どうも前回まで口を開けない発声をしていた影響で、声が前に吐き出せない発声になっていたようだった。
口を開けない発声になった理由は、恐らくヘンデルのUn cenno leggiadrettoを練習中、換声点直前で声を出しすぎて胸声傾向になるために、ピッチが低くなったことを修正するためだったと思う。
彼方立てれば此方が立たぬ、ということわざ通りで、発声を教えるのは難しいとつくづく感じた。
今回話したことは、発声のもっとも根本的なこととしてだが、元々が彼女の場合は声が前に出ないタイプなので、口を開けて良く声を吐き出すことを先ず徹底して覚えることであった。
そのことだけに照準を合わせた発声に撤することを、まず照準にしてやって行かなければ、と改めて感じたレッスンだった。

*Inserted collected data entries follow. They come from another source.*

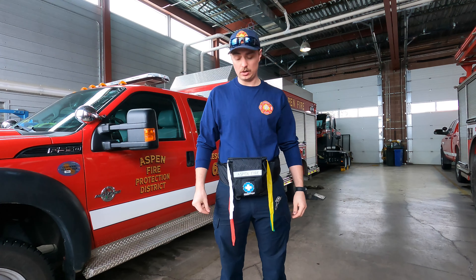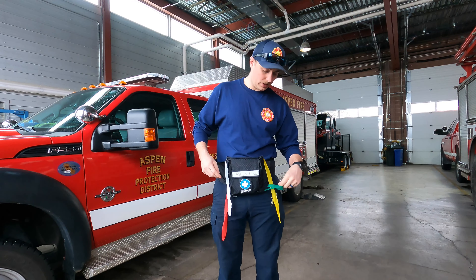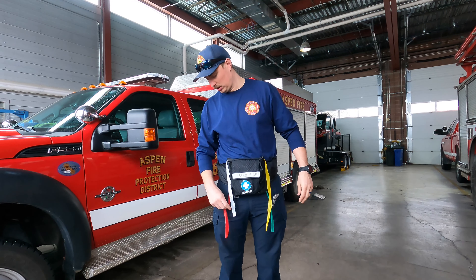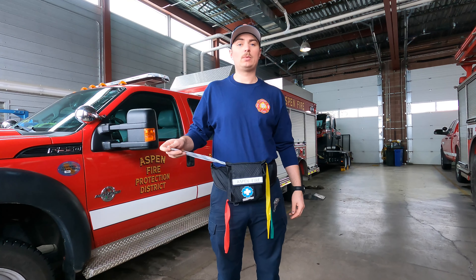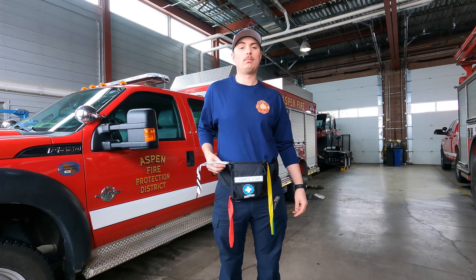On these pouches there's the main center front pocket that if you open up you will see two tourniquets in. On the side of the main pocket there are four rolls of tape to be used during initial triage. There is green, yellow, red, and the white and black striped tape is to be used to denote black patients.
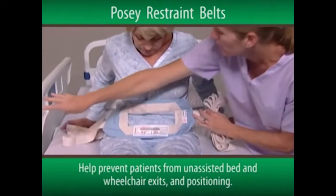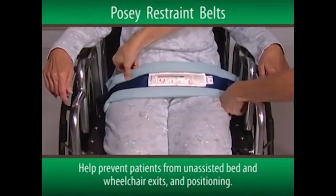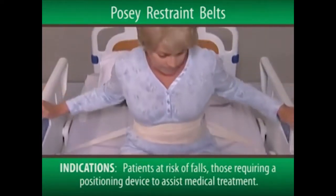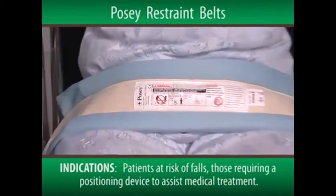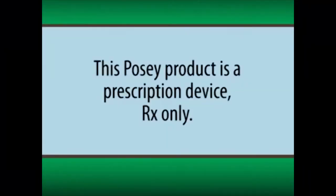The Posey Restraint Belts are used to help prevent patients from unassisted bed and wheelchair exits and positioning. They're indicated for patients assessed to be at risk of injury from a fall, or those requiring a positioning device to assist medical treatment. It's important to note that this Posey product is a prescription device, RX only.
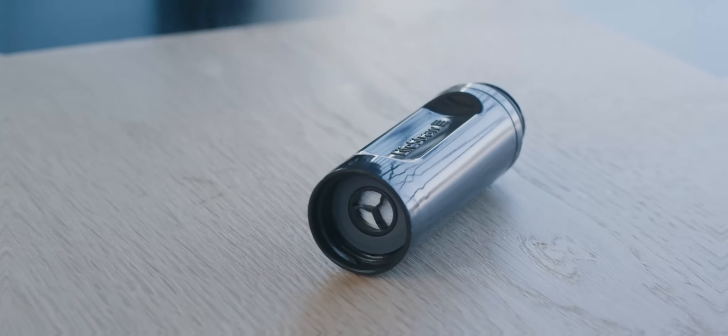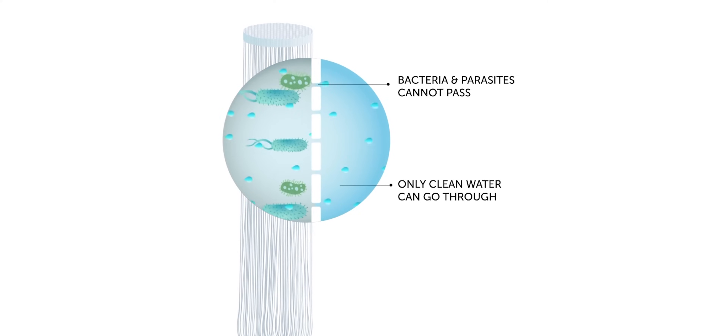The system features a membrane microfilter that removes bacteria like E. coli, parasites like Giardia and Cryptosporidium, microplastics, dirt, and sediment.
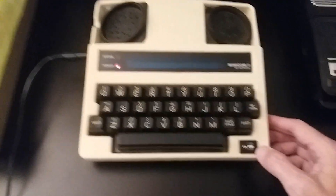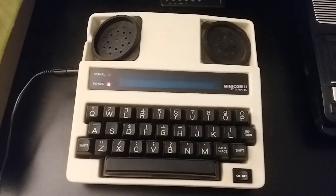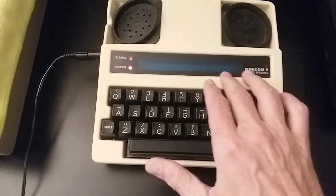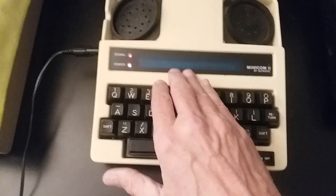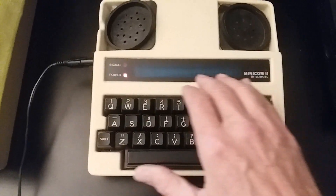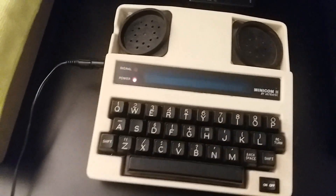Bad news is I purchased this off eBay and once again, due to the typical brutal handling of the United States Postal Service, it arrived damaged. Here on the LCD screen it will still decode and the text will come across, but there are two cells that are dead right in the center, so they don't show up as text and you have to kind of read broken text as it's coming through.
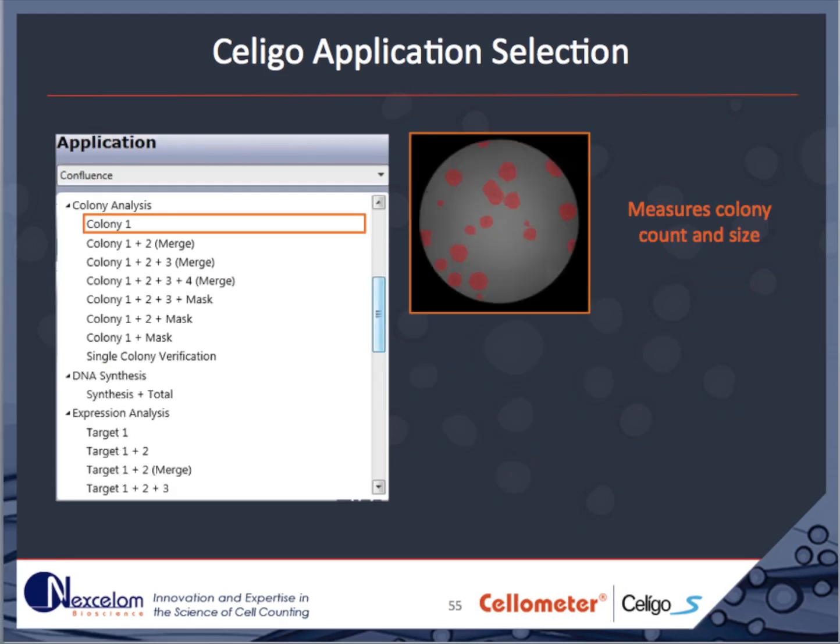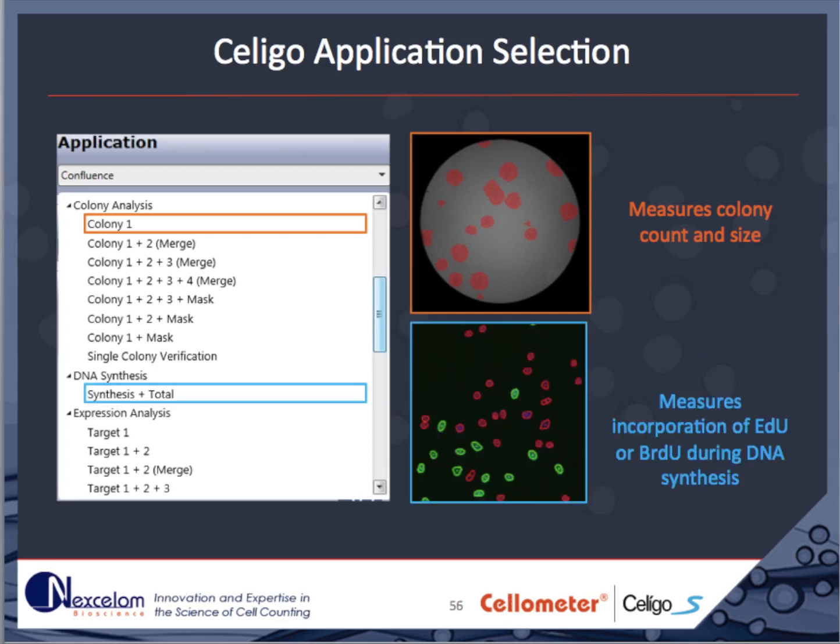The colony application uses the texture algorithm to identify and report the number of cell colonies detected. It can also be used with fluorescence and to detect plaques in viral assays. The DNA synthesis assay is a two-channel assay that can be used when assaying cell cycle with either EDU or BRDU to highlight cells in the synthesis phase. Segmentation of cells into each cell cycle phase is performed in the gating tab.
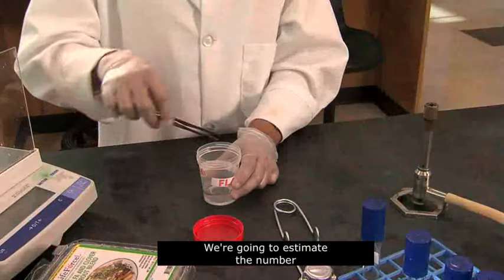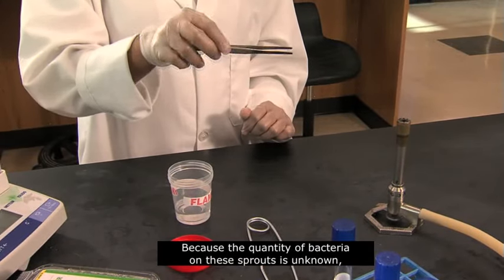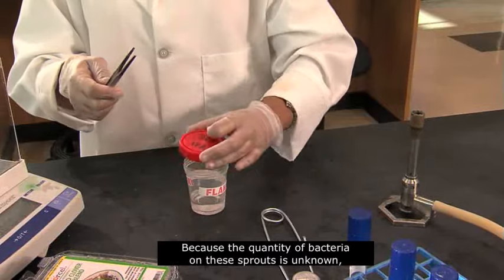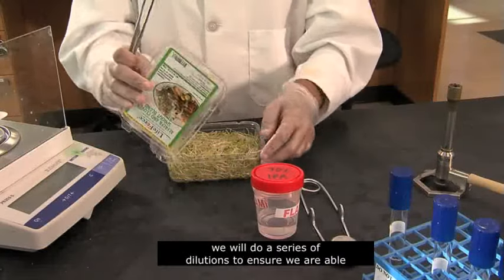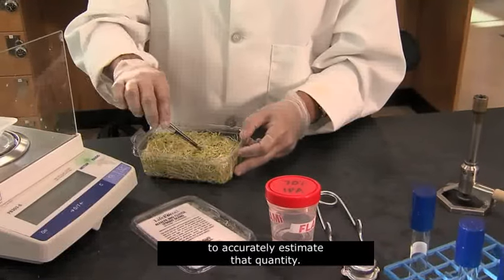We're going to estimate the number of viable bacteria on alfalfa sprouts. Because the quantity of bacteria on these sprouts is unknown, we'll do a series of dilutions to ensure we are able to accurately estimate that quantity.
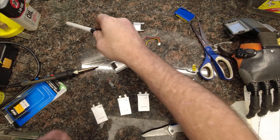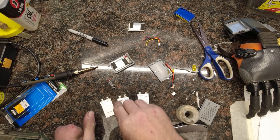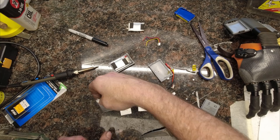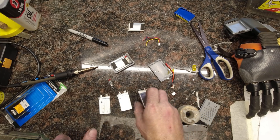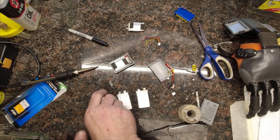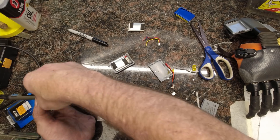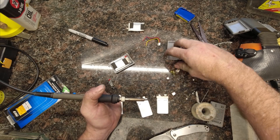When we look at all these cells, you'll see that each one is the same. On the back where they have the date code, it's negative, positive, negative, positive. Just make sure all the polarities are all the same. Since they already have solder on one side, I'm going to use that as a starting point.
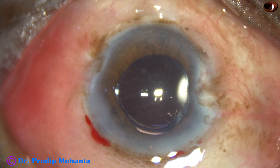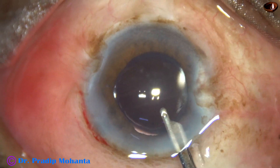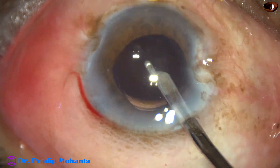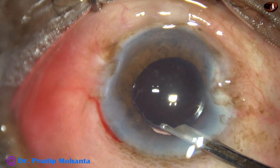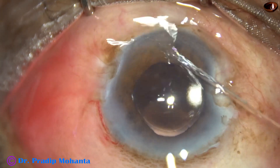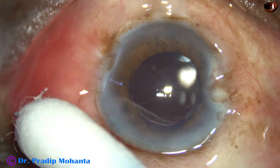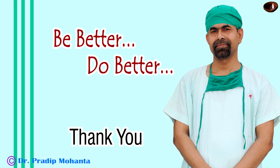The message I want to convey in this surgery is that it is not necessary that if the patient is very old the cataract will be very hard. Sometimes young patients may have very hard cataracts, and we can easily operate on elderly patients because it is not necessary that they will have weak zonules. Thank you very much for your attention. I hope this video will help you in developing your surgical skills and encourage you to operate on elderly patients. This patient is 104 years old, can hear well, and the other eye has been operated on by me a few days back and is doing well. We are hoping that this eye also will do well.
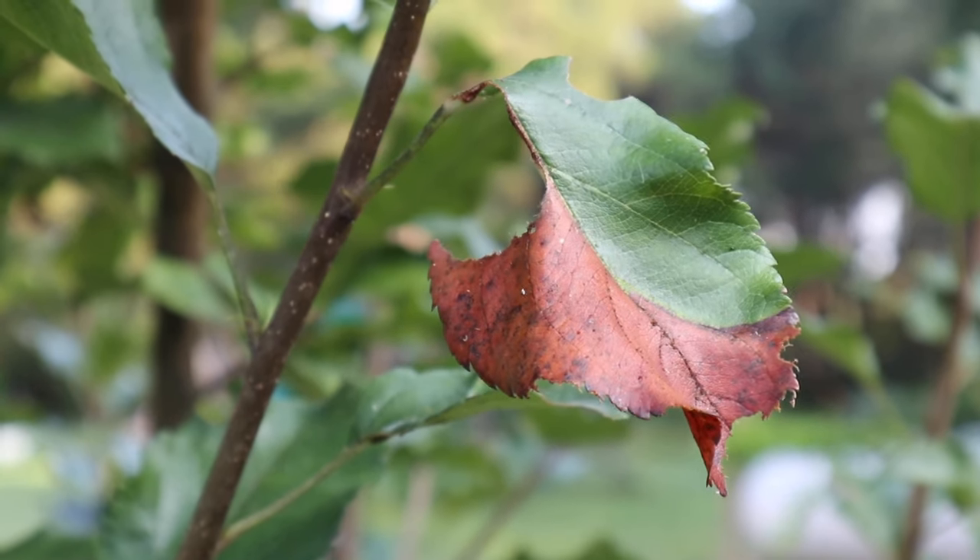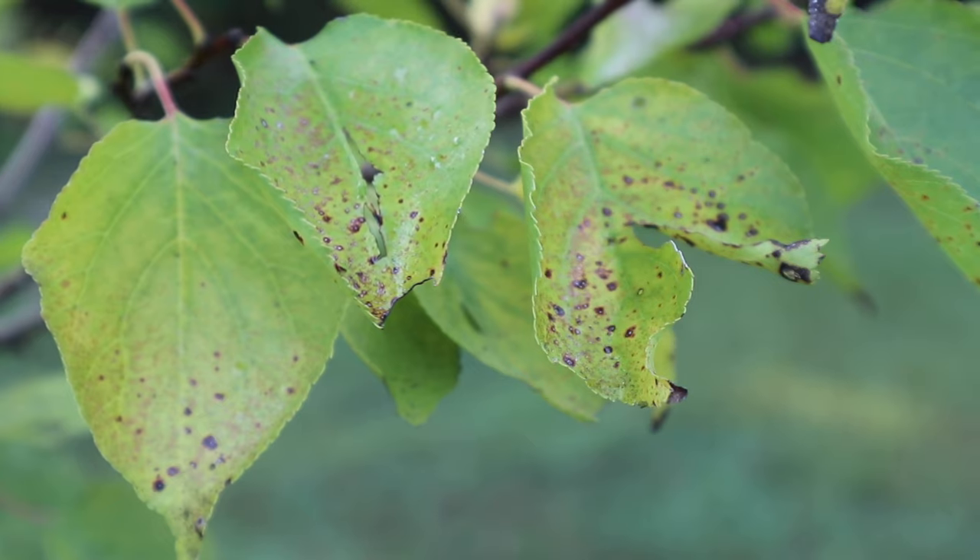Copper is a natural antifungal, antibacterial, antivirucidal compound that works really, really well and I am not worried about using it on my trees. This is going to treat blight, which we have, leaf curl, black spot, powdery mildew, and a host of other things.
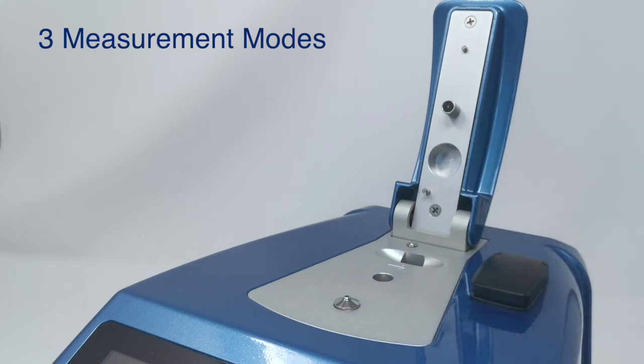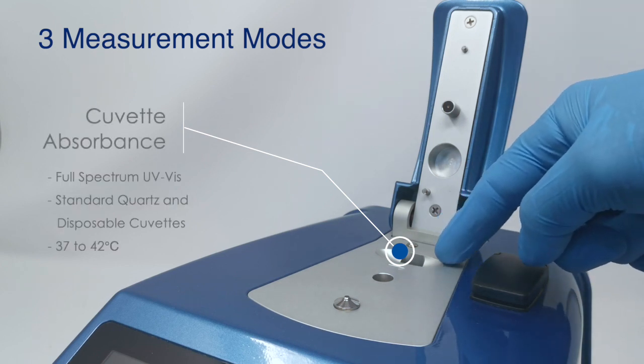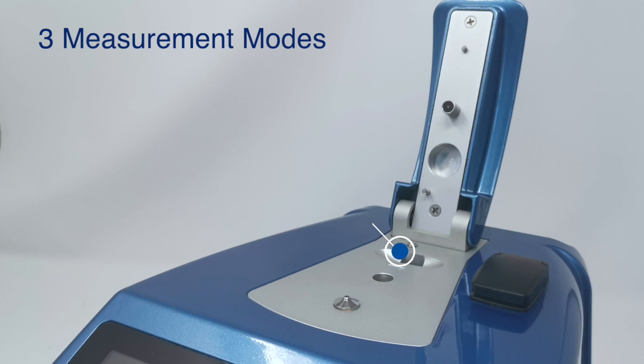We also have cuvette absorbance — again this is full spectrum UV-vis. This is a heated position so it takes all standard cuvette sizes and can heat from 37 through to 42 degrees Celsius. Commonly people are using this for biochemical assays, kinetic assays, but also for things like OD600 measurements for quantifying microbial cell cultures.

この指摘によって声のこもり引っ込みはほぼ解決し、伴奏と合わせで歌う3曲とも明るく前に出る声が発揮できるようになった。
やはり彼女の場合は、声を出すことという根本を忘れて発声の枝葉に行かない方が良いと感じた。
これは、指導側にとっても重要なことで、ややもすれば細かいことに拘泥して教えてしまうことが、大きな反省点であった。
今後は、声を出すことが無意識で息を前に吐き出すように出来ることを優先して行きたい。